Allison Witt '21

Allison Witt '21

Allison Witt

The Intersection of Ethics and Research:
Finding My Passion at Boston College

During my sophomore winter, in the midst of the finals and the usual end of semester chaos, I received an email from Professor Peter Krause about his project team. I was drawn to the team, as it was a unique opportunity to do meaningful and impactful work as an undergraduate. So, I submitted an application on a whim, and I am so glad that I did.

Professor Krause’s project team focuses on terrorism, political violence, and U.S. foreign policy through a series of tasks, ranging from short-term projects like journal articles and op-eds, to long-term projects like books and podcasts. While I started on the team as a Research Assistant, these past two semesters I have worked as an Undergraduate Research Fellow, mentoring the other Research Assistants. The depth of my experience has helped me build a toolkit of skills: data analysis, attention to detail, project management, editing, and teamwork. In addition, it has taught me that when you really like something you can go all in. To learn something to the best of your ability requires you to engage with materials and look at a complex problem through different lenses.
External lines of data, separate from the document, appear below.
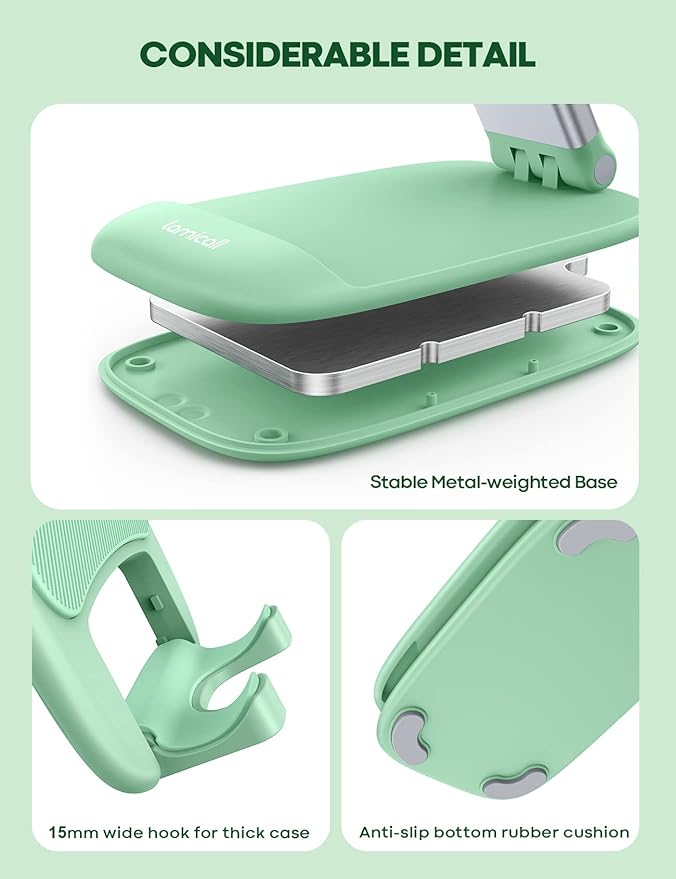 Lamicall Easter Basket Stuffers for Teens Girls Boys Cell Phone Stand, Light Green Cell Phone Holder, Easter Basket Essentials, Desk Accessories & Workspace Organizers, Telephone Stands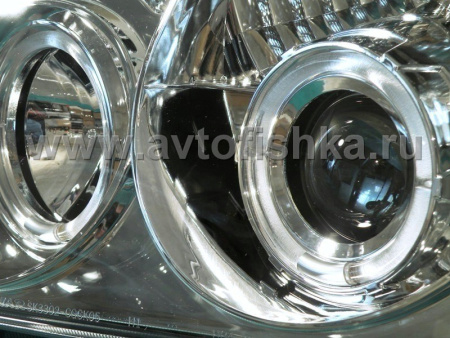 Jeep Grand Cherokee (04-07) фары передние линзовые хромированные, со светящимися ободками CCFL и светодиодами, комплект 2 шт.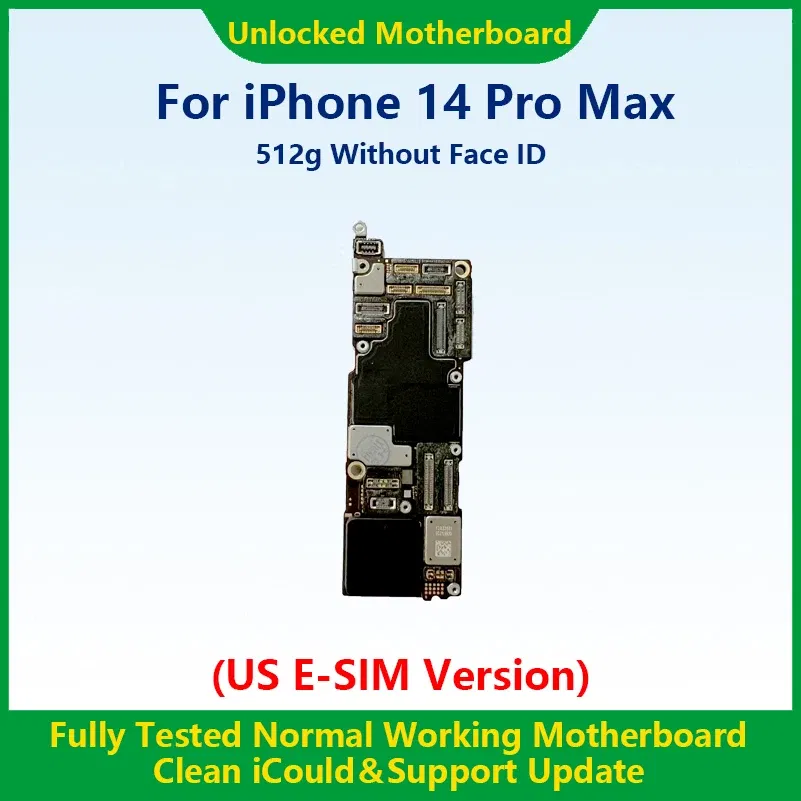 Color: Grey/Green, Ships From: CHINA - Top 100%Working Fully Tested Mainboard For iPhone 14 Pro Max Unlocked Motherboard With Face ID Cleaned iCloud US E-SIM Version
The main project we work on is insurgent spoils—an insurgency is an armed uprising by non-state actors in hopes of achieving a certain political objective. We research and code insurgencies that have occurred in the 20th and 21st century. The main goal of our research is to identify who won, why, and what groups gained or lost after the conflict. Since joining the team I have worked on cases from different parts of the world, but the Karen Insurgency in Myanmar sparked my interest in human rights and international justice, especially those in contemporary Myanmar.

The Karen conflict, often called the “World’s Longest Civil War,” began in 1947. Prior to World War II and immediately following it, Myanmar (then Burma) was a British colony and the Karen peoples, one of many ethnic minorities in Burma, had been Christianized by missionaries during its UK colonial period. This religious difference—along with ethnic, cultural, and linguistic factors—separated the Christian Karen from the majority Buddhist Burmese within Myanmar. The insurgent groups wanted to create their own independent state and separate from Myanmar. However the Tatmadaw, the Myanmar military, fought tirelessly to assert their political dominance. While the National Ceasefire Agreement (2015) brought an official end to the insurgency, violence and tensions between the Tatmadaw and the Burmese people have persisted until today.

While researching this case with Professor Krause, I focused more on the logistical aspects of the case. I analyzed group sizes, political affiliations, and strength; however, the ethical side of the conflict peaked my interest. This semester, in Ethics, Religion, and International Politics, and I have been able to explore Myanmar through a different lens. I have learned about what the impact of spoils and the Tatmadaw’s power really looks like. Since 2017, the military has committed a series of human rights violations, including an ethnic cleansing campaign against the Rohingya people. My learning became truly intersectional when we began studying the Rohingya refugee crisis in my senior seminar on International Human Rights and Refugees, where we traced the origin of the conflict to where it stands today through the lens of forced migration. The systematic persecution against the stateless Rohingya should be a global concern and the international community needs to take action. It is through interdisciplinary research that I have learned how to speak passionately about this issue.

My time working with Professor Krause has enabled me to become a better reader, writer, and student. Not only have I been able to develop critical thinking skills and editing skills, but I have uncovered new passions in human rights and international justice. The courses I am taking this year have only further encouraged my interests in ethical dilemmas. Now, I am searching for post-graduate careers to grapple with ongoing human rights abuses around the world, ultimately aspiring, one day, to attend law school for international human rights law.